House Bill 592, sponsored by Del. Elizabeth Guzman, D-Prince William, would have honored pawpaws as the official state fruit. The measure was proposed after a local scout troop noticed Virginia is without state fruit representation. Ashley Jacobs, assistant leader of the 53rd Barred Owls of Gainesville, said the scouts noticed the discrepancy during a hike.
“The scouts went through and tried to name all the state symbols, like the cardinal and the dogwood flower,” Jacobs said. “But nobody could come up with the state fruit.”
Jacobs said the scouts immediately began to brainstorm.
“This particular trail we were hiking on always has pawpaws,” she said. “We tried the pawpaws and were talking, and we all agreed it should be the state fruit since it is native here.”

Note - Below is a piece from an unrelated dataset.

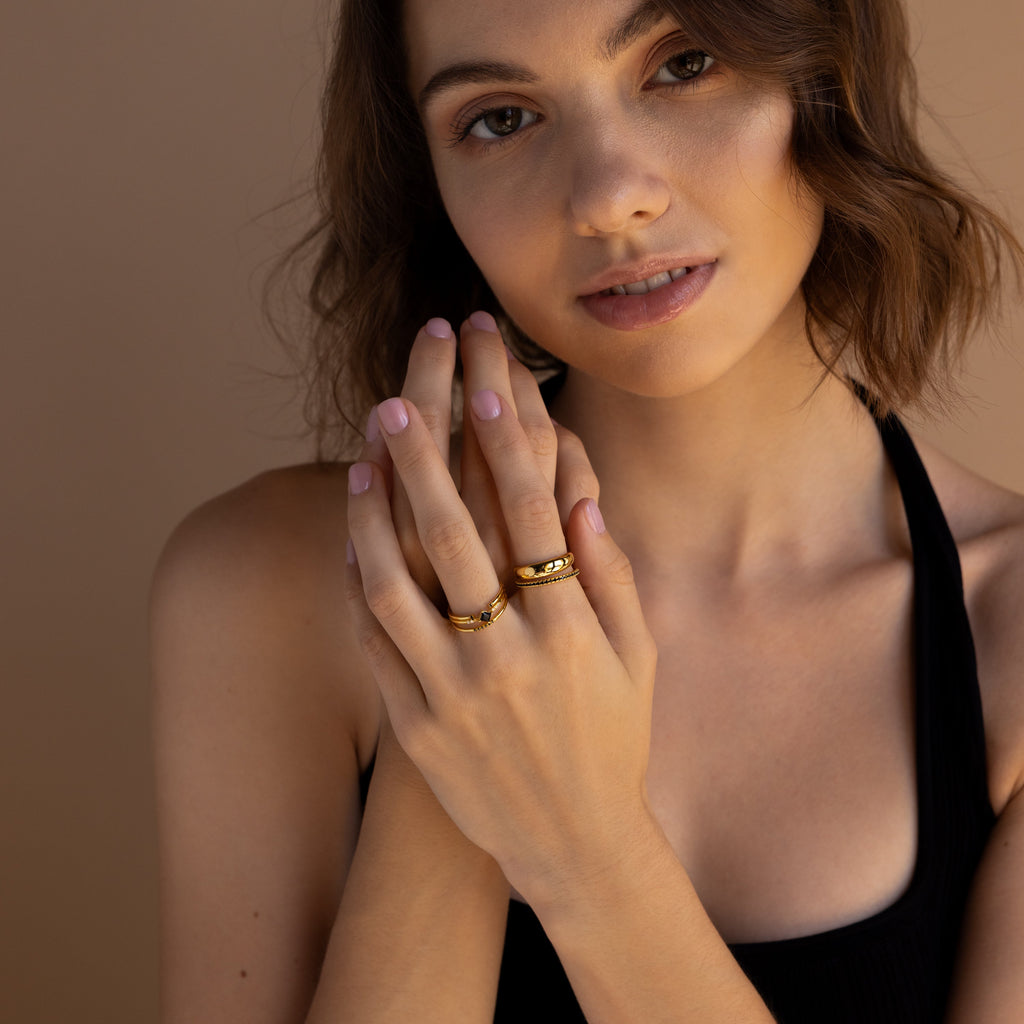 Black Abyss Ring Set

Jacobs emailed Guzman, who instructed her team to draft the legislation.
Pawpaws grow in densely wooded areas of Virginia, but are not generally farmed commercially because they have a short shelf life. A pawpaw lasts for about three days once ripe, which can make commercial farming and transportation difficult.
Guzman said the pawpaw has an important role in Virginia history.
“This is a very popular fruit for Native Americans,” Guzman said. “I think it’s time that we embrace what is originally from here.”
She said HB 592 will teach many Virginians about history, as well as local flora and fauna.
“They will know there is a connection between Native Americans and the fruit,” Guzman said. “The fruit is currently celebrated in festivals in Virginia because it shows our history and our resources.”
Legislative co-sponsor Del. Ibraheem Samirah, D-Fairfax, agreed the bill is one of the lighter topics the General Assembly has tackled this session.
“I think it’s a nice, fun bill that adds a little flavor to state politics,” he said.
Samirah also said the impacts could be far-reaching.
“It’s shifting focus back to the agricultural nature of Virginia,” he said. “Our number one export is agriculture; we take it seriously and we’re always trying to further it in one way or another.”
Samirah hopes the legislation brings attention to farmers and pawpaws. Virginia is well represented by numerous other state symbols. The American foxhound takes the title of state dog, the tiger swallowtail butterfly is the state insect and the Northern cardinal is honored as the state bird.
Jacobs said the bill has taught the scouts a lot about government.
“We were interested in helping our scouts get a better grasp of how their government works,” she said. “Most of them are young. There’s a lot of surprise, like how can this one question go so far?”
Alas, Virginia will have to wait until at least next year to have an official fruit. A subcommittee continued the bill to 2021 by voice vote Thursday.
“If there are any other contenders for state fruit that emerge in the interim we will give them equal consideration,” said Del. Marcus Simon, D-Fairfax, at the meeting. “I hear there’s a big interest in persimmon.”